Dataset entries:

+++

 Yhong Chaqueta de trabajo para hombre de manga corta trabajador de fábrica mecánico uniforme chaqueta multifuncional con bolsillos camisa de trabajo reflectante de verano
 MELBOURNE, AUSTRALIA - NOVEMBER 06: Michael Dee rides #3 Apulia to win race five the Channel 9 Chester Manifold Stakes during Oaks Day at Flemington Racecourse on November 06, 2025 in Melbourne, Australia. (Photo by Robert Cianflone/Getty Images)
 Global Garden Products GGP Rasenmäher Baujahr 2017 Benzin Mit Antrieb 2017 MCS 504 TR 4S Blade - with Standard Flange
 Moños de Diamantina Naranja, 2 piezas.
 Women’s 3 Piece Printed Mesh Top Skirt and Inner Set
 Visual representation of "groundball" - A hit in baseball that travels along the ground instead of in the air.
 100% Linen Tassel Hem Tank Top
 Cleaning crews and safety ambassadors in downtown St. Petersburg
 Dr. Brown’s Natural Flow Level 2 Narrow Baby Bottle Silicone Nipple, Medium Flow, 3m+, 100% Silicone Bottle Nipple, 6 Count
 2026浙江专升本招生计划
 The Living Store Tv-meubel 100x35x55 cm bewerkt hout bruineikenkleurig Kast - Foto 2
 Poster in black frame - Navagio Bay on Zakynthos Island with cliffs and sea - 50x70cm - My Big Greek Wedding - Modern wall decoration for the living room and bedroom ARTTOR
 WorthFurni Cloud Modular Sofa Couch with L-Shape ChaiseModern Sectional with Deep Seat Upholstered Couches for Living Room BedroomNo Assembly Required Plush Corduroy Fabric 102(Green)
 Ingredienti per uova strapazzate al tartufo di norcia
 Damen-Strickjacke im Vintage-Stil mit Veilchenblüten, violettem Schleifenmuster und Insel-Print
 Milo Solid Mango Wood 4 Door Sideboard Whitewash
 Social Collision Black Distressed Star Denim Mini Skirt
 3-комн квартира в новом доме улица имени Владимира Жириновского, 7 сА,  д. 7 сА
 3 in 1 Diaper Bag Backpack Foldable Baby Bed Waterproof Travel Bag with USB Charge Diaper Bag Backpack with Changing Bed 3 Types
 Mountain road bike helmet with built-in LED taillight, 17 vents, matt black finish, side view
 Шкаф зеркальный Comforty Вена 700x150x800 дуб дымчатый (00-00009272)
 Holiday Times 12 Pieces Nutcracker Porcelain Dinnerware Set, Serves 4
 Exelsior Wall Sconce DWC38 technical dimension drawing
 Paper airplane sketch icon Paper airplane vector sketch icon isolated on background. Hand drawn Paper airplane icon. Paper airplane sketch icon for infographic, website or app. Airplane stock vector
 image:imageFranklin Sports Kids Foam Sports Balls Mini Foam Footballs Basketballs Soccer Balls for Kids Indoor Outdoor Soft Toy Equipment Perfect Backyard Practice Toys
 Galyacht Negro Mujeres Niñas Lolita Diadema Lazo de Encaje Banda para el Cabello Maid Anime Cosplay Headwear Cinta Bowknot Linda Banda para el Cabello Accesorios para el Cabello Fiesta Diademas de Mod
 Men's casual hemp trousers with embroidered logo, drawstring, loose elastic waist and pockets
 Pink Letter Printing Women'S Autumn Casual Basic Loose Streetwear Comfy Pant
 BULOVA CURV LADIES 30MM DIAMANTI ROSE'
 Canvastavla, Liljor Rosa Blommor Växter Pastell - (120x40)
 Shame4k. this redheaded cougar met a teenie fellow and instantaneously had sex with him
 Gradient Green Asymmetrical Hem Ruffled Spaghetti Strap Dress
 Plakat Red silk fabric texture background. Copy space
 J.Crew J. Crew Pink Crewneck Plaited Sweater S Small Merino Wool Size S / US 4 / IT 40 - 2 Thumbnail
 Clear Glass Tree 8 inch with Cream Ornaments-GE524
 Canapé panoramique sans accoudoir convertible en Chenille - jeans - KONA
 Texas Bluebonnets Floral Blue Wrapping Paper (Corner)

+++

Transcribe exactly, and only, the lines that extend from the one containing "BULOVA CURV LADIES 30MM DIAMANTI ROSE'" to the end of the records above, inclusive of both.

 BULOVA CURV LADIES 30MM DIAMANTI ROSE'
 Canvastavla, Liljor Rosa Blommor Växter Pastell - (120x40)
 Shame4k. this redheaded cougar met a teenie fellow and instantaneously had sex with him
 Gradient Green Asymmetrical Hem Ruffled Spaghetti Strap Dress
 Plakat Red silk fabric texture background. Copy space
 J.Crew J. Crew Pink Crewneck Plaited Sweater S Small Merino Wool Size S / US 4 / IT 40 - 2 Thumbnail
 Clear Glass Tree 8 inch with Cream Ornaments-GE524
 Canapé panoramique sans accoudoir convertible en Chenille - jeans - KONA
 Texas Bluebonnets Floral Blue Wrapping Paper (Corner)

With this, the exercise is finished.